At the functional core of life, a complex interplay exists between nucleic acids and proteins, yet the origins of this relationship remain elusive. Nucleic acids, such as DNA and RNA, play critical roles in storing, replicating, and transmitting genetic information through their inherent structural properties that facilitate molecular self-recognition. In contrast, proteins serve as the molecular, structural, and catalytic workhorses necessary for sustaining life.
Unlike nucleic acids, peptides lack the innate ability to replicate in a sequence-specific manner, necessitating a method to control and transmit the peptide sequences essential for survival. This control is achieved through the encoding of peptide sequences in nucleic acids. Understanding how nucleotide-controlled peptide biosynthesis initially emerged represents a significant gap in our comprehension of life's origins, presenting formidable challenges due to the complexity of protein synthesis.
All proteins are synthesized through a universally conserved two-stage process known as ribosomal peptide synthesis (RPS). In the first stage, transfer RNAs (tRNAs) are aminoacylated, effectively loading activated amino acids onto the 2′,3′-diol moiety of the tRNA. This step is subsequently followed by ribosome-catalyzed peptide synthesis. A fundamental aspect of RPS involves the orchestration and control of activated amino acids through their covalent attachment to RNA, suggesting that the selective formation of RNA esters is foundational to RPS.

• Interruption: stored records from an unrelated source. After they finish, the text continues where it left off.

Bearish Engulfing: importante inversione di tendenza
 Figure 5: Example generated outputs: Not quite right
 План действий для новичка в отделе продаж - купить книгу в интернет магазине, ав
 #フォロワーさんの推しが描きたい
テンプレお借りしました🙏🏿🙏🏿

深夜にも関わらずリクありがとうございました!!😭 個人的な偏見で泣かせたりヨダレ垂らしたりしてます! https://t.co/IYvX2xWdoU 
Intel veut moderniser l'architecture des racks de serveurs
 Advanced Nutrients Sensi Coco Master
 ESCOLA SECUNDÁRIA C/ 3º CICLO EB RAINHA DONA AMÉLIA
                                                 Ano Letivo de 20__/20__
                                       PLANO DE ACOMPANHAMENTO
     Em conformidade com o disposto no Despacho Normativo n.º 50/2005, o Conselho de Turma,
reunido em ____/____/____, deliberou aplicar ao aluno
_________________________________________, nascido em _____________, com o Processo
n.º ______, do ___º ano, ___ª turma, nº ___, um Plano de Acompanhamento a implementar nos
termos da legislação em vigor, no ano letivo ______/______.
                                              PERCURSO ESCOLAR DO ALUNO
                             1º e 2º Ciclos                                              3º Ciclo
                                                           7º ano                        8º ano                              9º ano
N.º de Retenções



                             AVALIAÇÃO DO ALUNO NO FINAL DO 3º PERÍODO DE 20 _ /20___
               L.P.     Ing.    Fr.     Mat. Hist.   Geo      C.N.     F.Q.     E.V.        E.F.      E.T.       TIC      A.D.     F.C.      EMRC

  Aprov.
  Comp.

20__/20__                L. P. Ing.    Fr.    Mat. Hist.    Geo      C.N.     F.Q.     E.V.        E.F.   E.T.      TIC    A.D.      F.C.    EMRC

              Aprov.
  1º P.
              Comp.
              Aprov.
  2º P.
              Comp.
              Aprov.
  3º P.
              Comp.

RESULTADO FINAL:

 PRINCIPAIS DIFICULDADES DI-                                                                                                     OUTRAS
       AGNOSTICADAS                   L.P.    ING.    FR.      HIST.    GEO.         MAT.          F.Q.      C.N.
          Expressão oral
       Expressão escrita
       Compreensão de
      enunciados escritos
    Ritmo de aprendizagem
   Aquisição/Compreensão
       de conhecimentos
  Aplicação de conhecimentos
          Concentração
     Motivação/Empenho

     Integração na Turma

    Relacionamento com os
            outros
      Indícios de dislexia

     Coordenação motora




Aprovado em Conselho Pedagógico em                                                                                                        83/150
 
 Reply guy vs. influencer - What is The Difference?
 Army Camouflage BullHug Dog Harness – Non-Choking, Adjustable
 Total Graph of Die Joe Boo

In biological systems, RNA aminoacylation is regulated by a unique family of synthetase enzymes. Interestingly, these enzymes themselves are synthesized by the ribosome using the very same genetic code they enforce, creating a paradox regarding the origins of RNA aminoacylation. Despite its significance, discovering a non-enzymatic pathway for synthesizing aminoacyl-RNA has long been a challenge, as RNA amino acid esters are not known to form selectively in water.
To address the challenge of selective RNA aminoacylation, researchers have examined various electrophiles, such as aminoacyl phosphates, aminoacyl imidazole, and N-carboxyanhydrides (NCAs). However, these compounds are highly unstable in aqueous environments and do not react selectively with the RNA 2′,3′-diol, leading to uncontrolled background amide formation. Therefore, achieving controlled RPS requires the selective formation of aminoacyl-RNAs, a feat that remains elusive.
In the quest for a solution, researchers hypothesized that biological thioesters could serve as an ideal activation mode for achieving selective RNA aminoacylation in water. Thioesters are integral to central metabolism, driving numerous anabolic pathways, including those for fatty acids, polyketides, and non-ribosomal peptide synthesis. Both thioesters and RNA aminoacylation possess deep-rooted biochemical origins, predating the last universal common ancestor of all life on Earth.
This research demonstrated that biological aminoacyl-thiols could chemoselectively aminoacylate RNA at neutral pH in aqueous solutions. This non-enzymatic RNA aminoacylation highlights a significant chemical distinction between RNA aminoacylation and peptide synthesis stages, showcasing how these two steps can be chemically controlled under identical conditions in water.
Throughout these experiments, it was crucial to understand the stability and reactivity of the ambiphilic aminoacyl-thiol. Interestingly, it was found to be stable in water without undergoing polymerization. The reaction of aminoacyl-thiols with various nucleophiles revealed selective aminoacylation at the 2′,3′-diol of ribonucleosides, even in the presence of large excesses of competing nucleophiles.
These findings suggest that RNA's ability to form duplexes may play a critical role in directing the site of aminoacylation, which is essential for proper protein synthesis. The research further indicates that the selective aminoacylation of RNA at the 3′-terminus is vital for ribosomal peptide synthesis, enabling the translation of genetic information into functional proteins.
Understanding the origins of aminoacyl-thiols and their role in RNA aminoacylation could pave the way for insights into the early evolution of peptide synthesis. The ability to achieve selective aminoacylation in water using thioesters opens new avenues for exploring the biochemical pathways that may have led to the emergence of life on Earth.
In summary, the intricate relationship between nucleic acids and proteins is central to the foundation of life. The ongoing research into nucleic acid aminoacylation through thioester activation not only enhances our understanding of protein synthesis but also sheds light on the evolutionary processes that underpin the origins of life itself.